Canada's elections watchdog focused Tuesday on online payments company PayPal's records as part of a probe of "robocalls" that misdirected voters to fake polling stations during last year's election.

"PayPal has been served a production order in regards to the Elections Canada investigation," the company said in a statement. Production orders are court orders to turn over documents.

PayPal said it is cooperating with Elections Canada's efforts to identify who was behind the automated telephone calls to voters in the town of Guelph, Ontario in 2011 that likely led some to give up on voting.

However the company declined comment further, citing a "strict privacy policy to protect the confidential information of our users."

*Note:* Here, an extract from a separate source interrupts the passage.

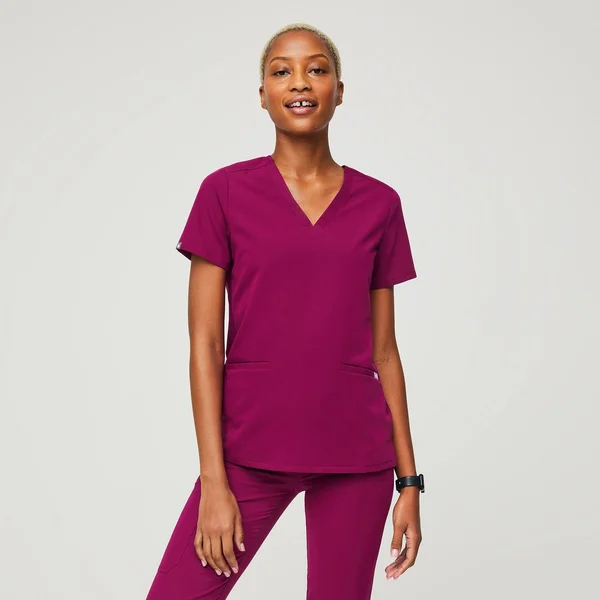Figs Womens Dark Magenta Casma - Three-Pocket Scrub Top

Canada's opposition parties, whose supporters were apparently targeted by the rogue calls, pointed fingers at the ruling Conservatives, but the Conservatives denied any involvement while hitting back at what they claimed was a "smear campaign."

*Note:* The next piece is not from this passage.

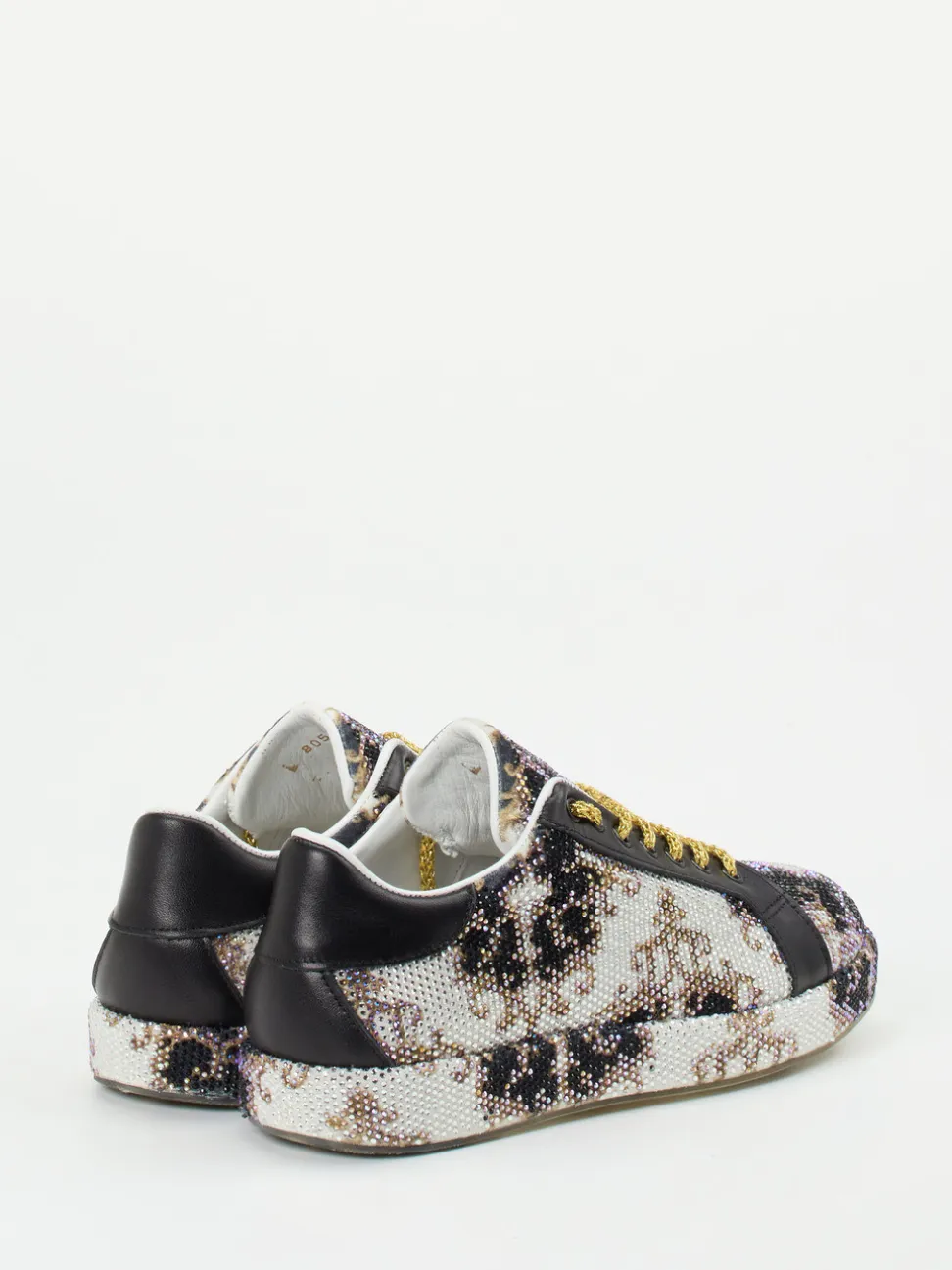 Rise – Sneaker aus Metallicleder mit Strassbesatz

Elections Canada, after being inundated with complaints, is investigating the calls, aided by the federal police.

The watchdog has traced the calls to a single telephone number that showed up on call displays and a disposable "burner" cell phone registered to an unknown "Pierre Poutine" at a fictitious address in Joliette, northeast of Montreal. Poutine is a Quebec dish of French fries smothered in cheese curds and gravy.

According to court documents, the cell phone was used to set up an account at an Edmonton, Alberta, call center to make the phony calls two days before the May 2 election.